Auch bei Ebay oder Vinted ist Vorsicht geboten

Für rein private Zwecke gelten diese Vorgaben nicht. Allerdings ist der Übergang vom Privaten ins Berufliche heute oft fließend. „Wer regelmäßig über Ebay oder Vinted verkauft und KI-Bilder als Produktfotos nutzt, ist erfasst“, erklärt Michael Terhaag, Fachanwalt für IT-Recht, gegenüber ZDF Heute. Auch für Vereine, die Plakate mit KI erstellen, gilt eine Kennzeichnungspflicht, so der Experte.
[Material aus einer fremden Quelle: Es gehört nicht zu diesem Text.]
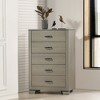 32" Wood Chest with 5 dressers and Center Metal Glider, Modern Sleek Design, Weathered Gray Finish - 4 of 4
Laut dem Spiegel kann bei Verstößen eine hohe Strafe fällig werden. Im Fall von verbotenen KI-Praktiken sind mindestens 35 Millionen Euro oder sieben Prozent des weltweiten Jahresumsatzes möglich. Bei Missachtung von Transparenzpflichten oder mangelnden Sicherheitsvorkehrungen drohen Strafen ab 15 Millionen Euro oder drei Prozent des Jahresumsatzes. Für bestehende KI-Systeme gilt eine Übergangsfrist bis zum 2. Dezember 2026. Für neue Modelle greifen die EU-Vorgaben ab sofort.